Dive Brief:
- The Advanced Manufacturing Company of America has raised $300 million in a series B funding round, bringing the startup’s value to $1 billion, according to a press release on Wednesday.
- The funds will allow Amca to “create” and acquire more factories across the country and expand its artificial intelligence-powered platform, Rapid, across its manufacturing network, in a bid to ramp up deliveries of components that are “most essential” to being combat-ready and to fulfill tasks.
- Rapid is used to engineer, qualify and produce components for major platforms, and has recently been deployed for Lockheed Martin’s F-35 fighter jet, as well as commercial widebody and narrowbody aircraft.
Dive Insight:
In addition to acquiring more factories, Amca will “create” its own factories from the ground up when it feels that its existing manufacturers are not best suited for what the industry needs, CEO Jai Malik said during a virtual press conference on Monday.
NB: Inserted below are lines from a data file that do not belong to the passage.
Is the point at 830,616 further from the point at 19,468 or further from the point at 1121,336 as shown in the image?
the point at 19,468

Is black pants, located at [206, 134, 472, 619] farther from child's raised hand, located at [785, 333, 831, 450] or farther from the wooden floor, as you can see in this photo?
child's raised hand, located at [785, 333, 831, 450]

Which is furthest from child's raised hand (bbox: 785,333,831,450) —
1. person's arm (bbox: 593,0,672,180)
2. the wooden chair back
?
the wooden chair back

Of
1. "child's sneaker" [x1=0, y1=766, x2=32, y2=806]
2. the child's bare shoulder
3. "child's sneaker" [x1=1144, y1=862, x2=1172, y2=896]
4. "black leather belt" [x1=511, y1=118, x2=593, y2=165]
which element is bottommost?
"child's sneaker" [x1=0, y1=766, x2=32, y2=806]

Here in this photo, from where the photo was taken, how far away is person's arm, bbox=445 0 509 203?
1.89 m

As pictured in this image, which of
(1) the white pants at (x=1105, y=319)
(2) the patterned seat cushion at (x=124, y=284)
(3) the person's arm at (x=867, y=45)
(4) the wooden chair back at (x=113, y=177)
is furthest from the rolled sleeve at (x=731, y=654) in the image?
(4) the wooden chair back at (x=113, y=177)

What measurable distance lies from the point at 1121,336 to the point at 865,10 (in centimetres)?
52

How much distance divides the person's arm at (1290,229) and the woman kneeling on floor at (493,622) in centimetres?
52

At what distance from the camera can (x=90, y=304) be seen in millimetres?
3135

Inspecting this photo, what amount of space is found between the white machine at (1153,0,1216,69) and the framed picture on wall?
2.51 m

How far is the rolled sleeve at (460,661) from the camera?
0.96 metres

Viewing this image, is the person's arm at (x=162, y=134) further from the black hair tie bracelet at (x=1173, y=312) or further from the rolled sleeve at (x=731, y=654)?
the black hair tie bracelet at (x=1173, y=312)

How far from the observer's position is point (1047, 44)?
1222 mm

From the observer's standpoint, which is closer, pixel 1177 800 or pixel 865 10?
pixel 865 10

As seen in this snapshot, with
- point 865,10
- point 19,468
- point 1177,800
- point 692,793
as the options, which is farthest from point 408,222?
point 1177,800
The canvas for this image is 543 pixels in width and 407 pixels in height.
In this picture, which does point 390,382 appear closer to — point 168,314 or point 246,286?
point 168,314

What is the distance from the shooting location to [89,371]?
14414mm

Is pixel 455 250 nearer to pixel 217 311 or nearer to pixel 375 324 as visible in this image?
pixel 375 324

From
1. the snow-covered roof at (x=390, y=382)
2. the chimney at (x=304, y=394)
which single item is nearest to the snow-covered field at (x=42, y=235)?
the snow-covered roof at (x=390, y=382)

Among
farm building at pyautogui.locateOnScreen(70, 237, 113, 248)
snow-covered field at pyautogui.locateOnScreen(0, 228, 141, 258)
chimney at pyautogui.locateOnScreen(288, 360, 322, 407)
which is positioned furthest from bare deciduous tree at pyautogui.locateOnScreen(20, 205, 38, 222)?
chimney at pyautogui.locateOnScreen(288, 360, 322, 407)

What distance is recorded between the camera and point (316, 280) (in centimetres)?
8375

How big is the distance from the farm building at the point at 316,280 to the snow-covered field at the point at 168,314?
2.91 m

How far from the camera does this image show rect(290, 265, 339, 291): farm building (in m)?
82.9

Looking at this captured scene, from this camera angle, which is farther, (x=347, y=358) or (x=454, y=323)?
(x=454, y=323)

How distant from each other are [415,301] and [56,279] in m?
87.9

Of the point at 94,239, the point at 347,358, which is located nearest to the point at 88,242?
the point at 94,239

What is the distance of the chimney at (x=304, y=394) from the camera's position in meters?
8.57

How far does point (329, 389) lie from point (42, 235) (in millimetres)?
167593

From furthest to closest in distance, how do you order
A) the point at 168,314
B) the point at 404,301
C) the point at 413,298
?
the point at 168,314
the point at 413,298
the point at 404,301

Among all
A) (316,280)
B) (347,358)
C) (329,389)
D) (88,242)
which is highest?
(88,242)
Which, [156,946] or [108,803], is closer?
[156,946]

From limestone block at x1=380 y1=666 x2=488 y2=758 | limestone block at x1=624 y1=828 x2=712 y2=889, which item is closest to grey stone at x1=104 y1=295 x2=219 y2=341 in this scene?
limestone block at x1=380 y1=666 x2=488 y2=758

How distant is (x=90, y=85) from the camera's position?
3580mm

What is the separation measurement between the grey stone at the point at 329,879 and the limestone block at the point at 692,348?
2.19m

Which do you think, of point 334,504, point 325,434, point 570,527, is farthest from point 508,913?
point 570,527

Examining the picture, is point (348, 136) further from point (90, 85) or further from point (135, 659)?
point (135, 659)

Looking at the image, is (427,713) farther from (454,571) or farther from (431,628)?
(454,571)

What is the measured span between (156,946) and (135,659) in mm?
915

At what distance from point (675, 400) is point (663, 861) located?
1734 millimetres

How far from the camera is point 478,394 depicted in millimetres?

When it comes to buying a factory, what Amca looks for is whether the facility can deliver parts its team designs and meet the required qualifications to “serve the warfighter” or other major customers, he added.
That includes factories that are AS 9100-certified, a quality management standard for the aerospace, defense and space industries. The AS 9100-certified sites have “compliance processes in place that are critical for the types of parts that we manufacture.”
“They typically have specialized tooling and a workforce that is hungry to see more utilization and more throughput,” Malik said.
The startup raised $76.5 million in initial funding in April 2025 and acquired its first supplier, Electro-Mech Components, in South El Monte, California. In August 2025, Amca acquired Cal-Draulics, an aerospace-engineering-focused supplier of high-precision hydraulic products in Corona, California.
Most recently, Amca bought power electronics supplier BC Systems for its customers’ defense programs. Amca also opened its headquarters in El Segundo, California, which houses its advanced prototyping and testing facility.
To date, the company operates six facilities in California, Iowa and New York, spanning over 123,000 square feet, according to the press release.
Amca was established in 2024 by Malik and COO Eli Giovanetti, the latter of whom previously served as a senior production and engineering leader at SpaceX.
One of the reasons Malik started Amca was to help solve a “critical” supply chain problem, he said during the press conference on Monday. During his time as a general partner at private equity firm Countdown Capital, he noticed many companies focused on developing new defense systems and manufacturing high-volume parts for various programs.
However, he added, no one was focusing on the middle of the supply chain, where there are only one or two suppliers of critical components such as panels, sensors, displays and switches, especially in the United States.
“What I saw firsthand while I was at Countdown was a supply chain problem where one capacity was actively declining,” Malik said. “Company owners and workforces for the components were exiting the market, such as retirements, leading to a bottleneck in production and in sustainment for the most critical systems that our country has.”
Amca combines engineering, qualification testing, technical data package development and certified manufacturing capacity into a single integrated platform business, streamlining operations, according to the press release.
“The simplest way to understand what we’re doing is that we remove the gap between [the] development of components and [the] design of components to production,” Malik said. “We don't just design parts, and we don't just operate factories. We connect the full path from engineering to qualification to certify production, resulting in a lead time for critical components that is significantly faster than the industry standard. In some cases, 70% faster.”
With Amca’s AI-powered platform Rapid, the startup can go from the initial concept of a component’s design needs to the final qualified design and manufacturing workflow within weeks, and in some cases, a few months, Malik said.
This also allows Amca to deliver parts to its major customers, such as BAE Systems, Airbus, Textron, Bombardier, Honeywell and GE Aerospace, 67% faster than the existing supply chain, Malik said.
The series B round was led by Caffeinated Capital and includes “major participation” from Lightspeed Venture Partners. Other investors include Andreessen Horowitz, Lux Capital, Construct Capital, and House Capital. Some of the investors also backed Anduril, which recently raised $5 billion.